### Entries provided
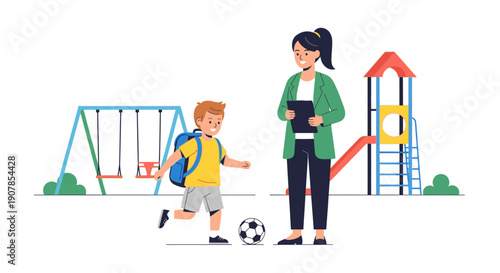 Teacher supervising a young student with a backpack playing soccer in a colorful playground.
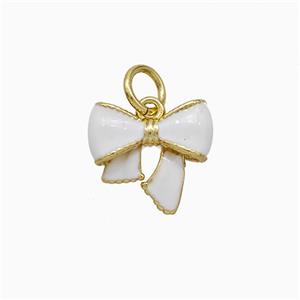 Copper Bowknot Pendant White Enamel Gold Plated, approx 11mm [FD20663]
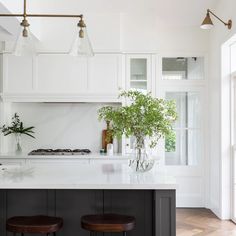 a kitchen with two stools next to an island and potted plant on the counter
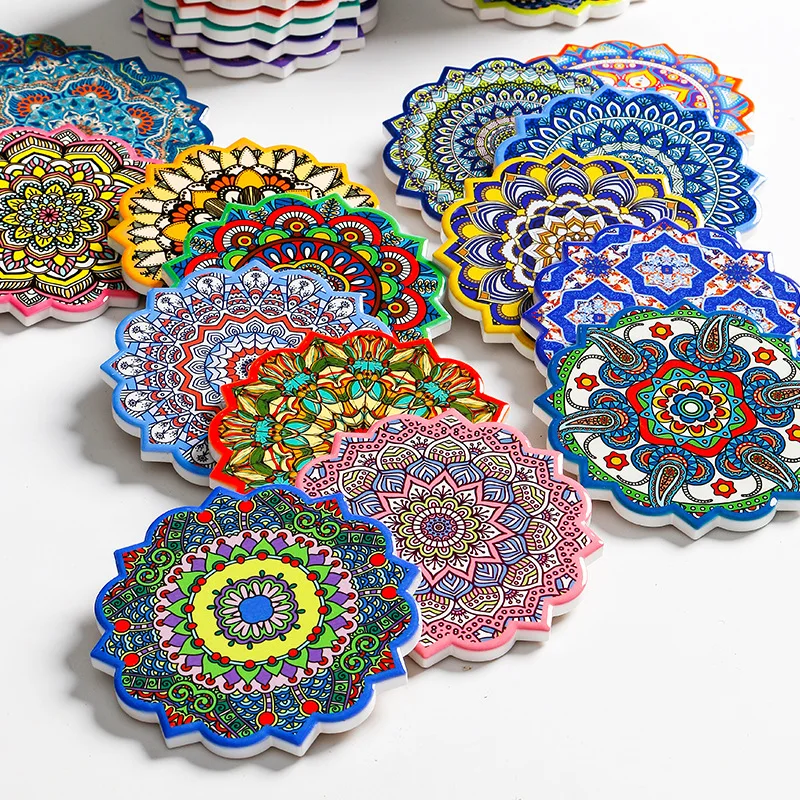 Flower Shaped Absorbent Ceramic Coaster Cup Mat Coffee Drink Mug Pad Petal Ceramic Coaster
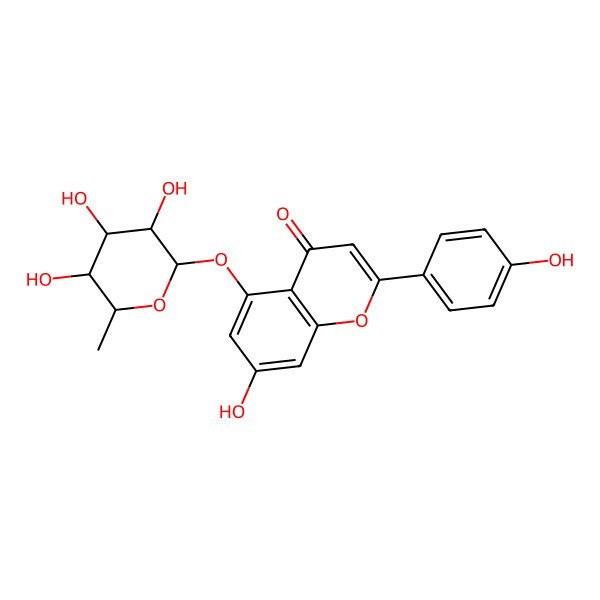 2D Structure of 7-hydroxy-2-(4-hydroxyphenyl)-5-[(2S,3R,4R,5R,6S)-3,4,5-trihydroxy-6-methyloxan-2-yl]oxychromen-4-one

### Problem description
Could you reproduce all of the data above exactly and skip any image?

### Exercise answer
 Teacher supervising a young student with a backpack playing soccer in a colorful playground.
 Copper Bowknot Pendant White Enamel Gold Plated, approx 11mm [FD20663]
 a kitchen with two stools next to an island and potted plant on the counter
 Flower Shaped Absorbent Ceramic Coaster Cup Mat Coffee Drink Mug Pad Petal Ceramic Coaster
 2D Structure of 7-hydroxy-2-(4-hydroxyphenyl)-5-[(2S,3R,4R,5R,6S)-3,4,5-trihydroxy-6-methyloxan-2-yl]oxychromen-4-one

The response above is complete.